On aime bien, le mot « dérapage ». Une soirée dérape, un bizutage dérape, un patron dérape, il a pas vu, il a glissé, il a ripé, et hop, il la culbutait, elle voulait pas, le pauvre, il a pas fait exprès. C’est presque rigolo, tellement c’est ballot. Mais que voulez vous, les hommes… Ah, les hommes, Ali, cette drôle de catégorie sociale à qui on attribue pas beaucoup plus de maturité et d’empathie qu’une larve avant la mue, ces pauvres petites choses qui ne savent, qui ne peuvent résister face aux pouvoirs démoniaques de toutes ces tentatrices / manipulatrices…
J’exagère à peine : tous nos premiers textes, et bon nombre des suivants, nous ont nourris de cette idée-là.
Quand l’homme viole, c’est toujours à l’insu de son plein gré. Alors c’est lui qu’on va plaindre, c’est sa victime qu’on va conspuer. Que la victime soit une femme ou un enfant, d’ailleurs…
Oui, et #NousToutes le rappelle aussi. Dire « pédophilie » plutôt que « pédocriminalité », c’est toujours dédouaner, toujours minimiser. Et ce depuis le XIXe siècle, moment où le mot apparaît dans le vocabulaire psychiatrique, désignant alors bizarrerie de l’âme humaine, caractérisée par l’amour « philie », des enfants, « pédo ». Oubliant au passage qu’à aucun moment il n’est question d’amour là dedans, pas plus qu’il n’y en dans un crime passionnel.
Oui, c’est longtemps comme ça qu’on a parlé de violences conjugales. Pour dire qu’on ne peut pas comprendre l’intimité d’un couple, qu’on ne sait pas ce qu’il se passe, dans le secret de l’alcôve. Tant qu’on ne parle ni de meurtre, ni d’assassinat, alors il n’y a ni coupable, ni victime. Il n’y a que des faits divers, qu’on se délecte à lire, sans jamais les relier.
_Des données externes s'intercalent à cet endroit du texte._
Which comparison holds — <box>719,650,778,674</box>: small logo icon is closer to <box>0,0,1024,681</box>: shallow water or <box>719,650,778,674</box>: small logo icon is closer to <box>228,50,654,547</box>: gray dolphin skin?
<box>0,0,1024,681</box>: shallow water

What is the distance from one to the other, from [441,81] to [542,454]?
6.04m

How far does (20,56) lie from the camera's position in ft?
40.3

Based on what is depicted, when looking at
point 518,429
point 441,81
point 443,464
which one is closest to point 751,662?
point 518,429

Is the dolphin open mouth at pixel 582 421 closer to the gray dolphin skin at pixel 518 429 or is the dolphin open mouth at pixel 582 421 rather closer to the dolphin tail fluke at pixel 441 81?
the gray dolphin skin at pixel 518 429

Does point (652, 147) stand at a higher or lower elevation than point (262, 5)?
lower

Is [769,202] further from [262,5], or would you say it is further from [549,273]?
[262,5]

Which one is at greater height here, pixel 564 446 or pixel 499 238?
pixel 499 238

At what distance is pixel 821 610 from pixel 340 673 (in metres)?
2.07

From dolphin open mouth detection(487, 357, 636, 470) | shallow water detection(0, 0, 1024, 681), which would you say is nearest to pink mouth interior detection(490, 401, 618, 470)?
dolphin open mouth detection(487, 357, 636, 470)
Ne pas voir des mécanismes qui se répètent, ne pas les identifier, ne pas les nommer, ne pas les compter. Ne pas entendre qu’elles étaient 142 000 encore cette années, frappées, harcelées, violées…
Que sur ce nombre là, une écrasante majorité était des femmes, quand leurs agresseurs étaient, eux, des hommes, la plupart du temps. Et qu’à ce niveau-là, oui, on peut parler de violence de genre. Parce qu’elle est systémique, c’est à dire, produite, voire encouragée par un système tout entier. Encore faudrait-il l’admettre, si on veut le contrer, encore faudrait-il nommer. Depuis des années, les féministes le demandaient. Ca a fini par arriver, à peu près au moment de #MeToo, et pour la première fois, les médias ont employé le mot « féminicide ». C’était pendant l’affaire Daval, oui, celle-là même qu’on juge en ce moment. Qui nous rappelle que parfois, apprendre à mieux parler, c’est une victoire de la pensée.